This is genuinely useful. It creates a mode that serves the person who finds the default AI register too hedgy, too verbose, or too deferential. It gives them the directness they want — and keeps the interaction productive rather than just emotionally discharge-y.

You can take it further for specific use cases: a “devil’s advocate” session where the AI is instructed to argue against your approach; a “rapid fire” mode for quick factual confirmation; a “no praise” mode where it skips any positive reinforcement entirely. These are all legitimate and useful. They just look different from a screenshot posted to Slack for laughs.

What leaders and teams can do

If you’re seeing these posts in your workspace and they’re giving you a low-grade sense of unease, trust that instinct and consider making it discussable. Not as a lecture on AI ethics or robot feelings, but as a genuine conversation about communication norms and what gets modeled in public team channels.

Some concrete starting points: acknowledge that AI tools are frustrating in specific ways, and name those specifically.

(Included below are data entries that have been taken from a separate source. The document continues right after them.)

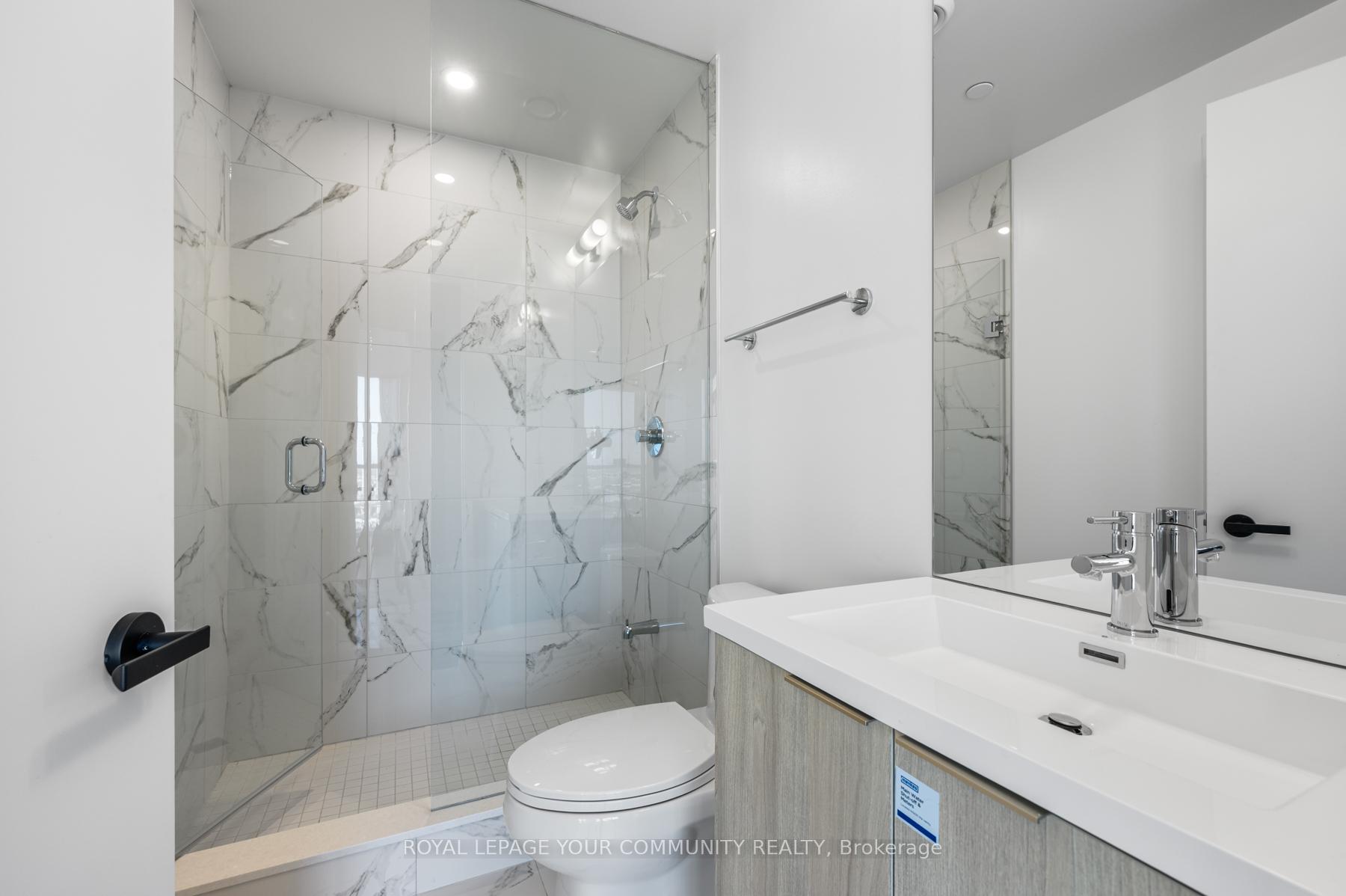 Photo 15 of Unit 2009, 8 Interchange Way, Vaughan, Vaughan Corporate Centre — HOMEH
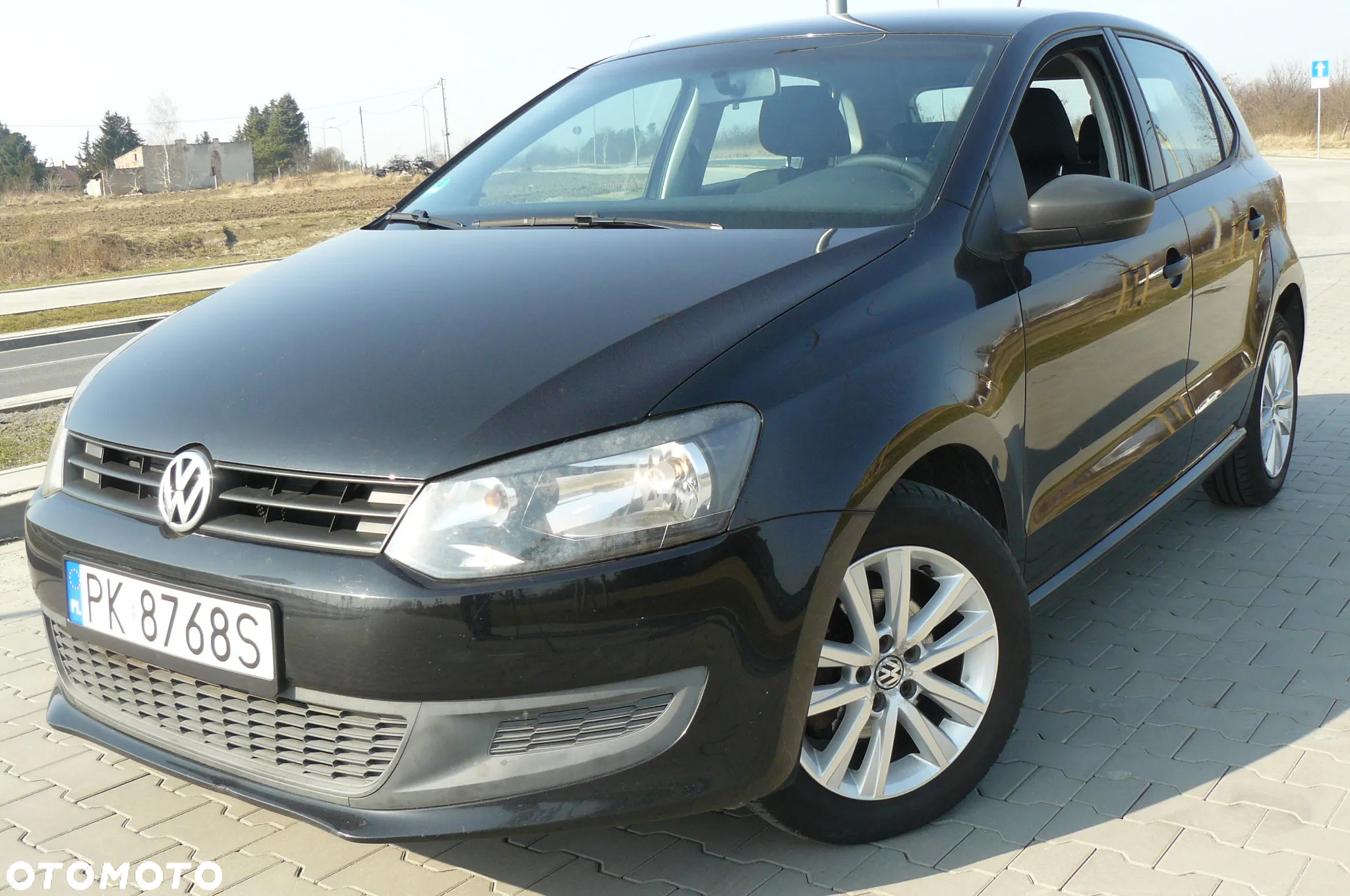 Volkswagen Polo - 2
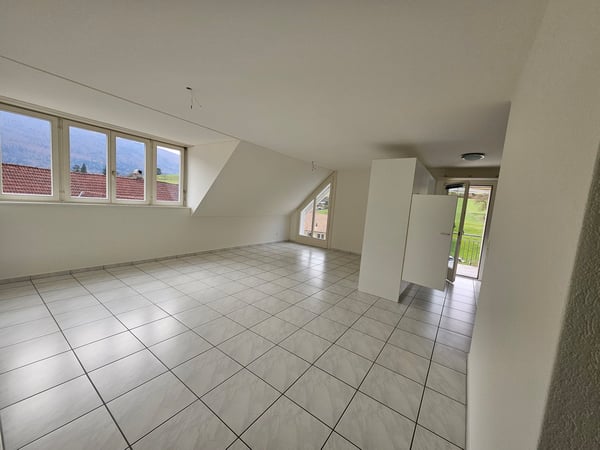Charmante 4-Zimmer-Dachwohnung in ruhiger Lage von Laupersdorf 3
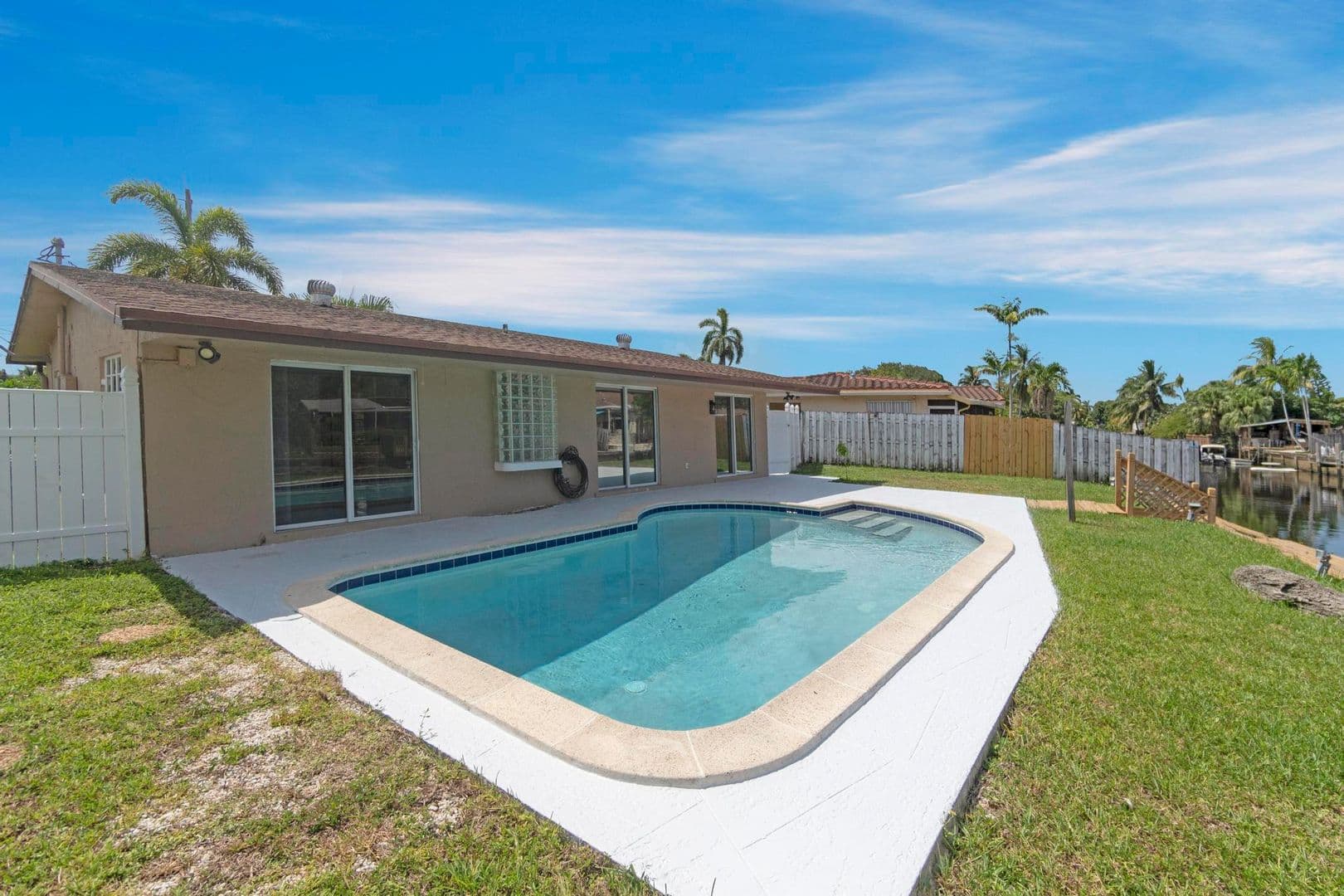 Oakland Park House: 1820 NW 33Rd ST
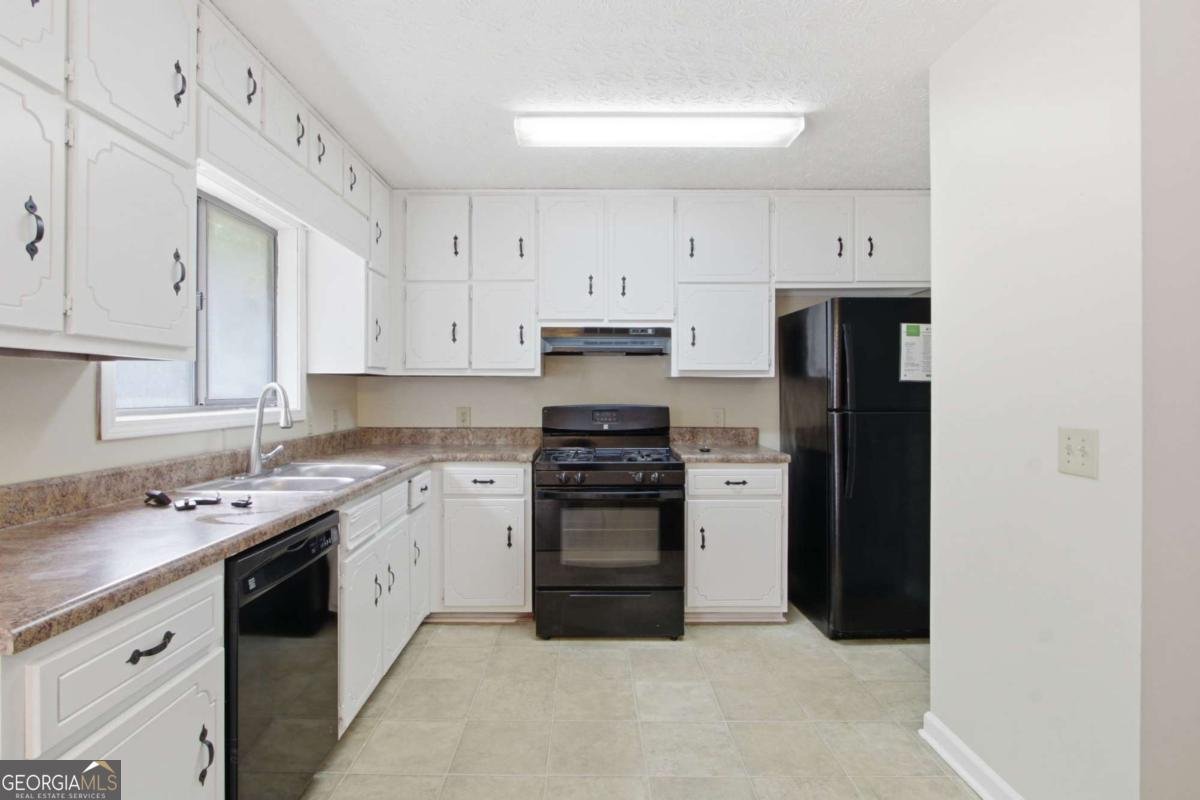 2612 Hewatt Road Snellville - Photo 10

Model what it looks like to push back on an AI output critically rather than contemptuously “this approach won’t work because X” instead of “this is garbage.” And if you see the screenshots circulating, it’s okay to gently ask: “what was the actual problem with the output?” That shifts the frame from performance to analysis.

The people posting these aren’t villains. They’re doing what humans do finding social currency in shared frustration, testing the edges of new tools, and occasionally mistaking discharge for relief. The question is whether teams want to let that drift unchecked, or shape it into something that actually serves the people doing it.

The bar for how we treat systems that talk back to us is setting a floor for how we treat people who do the same.

The bigger picture

AI tools in the workplace aren’t going away, and neither is the friction that comes with them. The organizations that figure out how to engage with these tools critically with rigor rather than contempt, with calibrated directness rather than performed hostility are going to build better habits all around.

The Slack posts are a small signal, but they’re pointing at something real: we haven’t collectively worked out what a healthy, honest, professional relationship with AI tools looks like. We’re in the middle of figuring it out in real time, in public, with our colleagues watching.

That’s actually a pretty good reason to be thoughtful about what we’re modeling.

This post is intended as a starting point for team discussion, adapt it freely for your org’s context.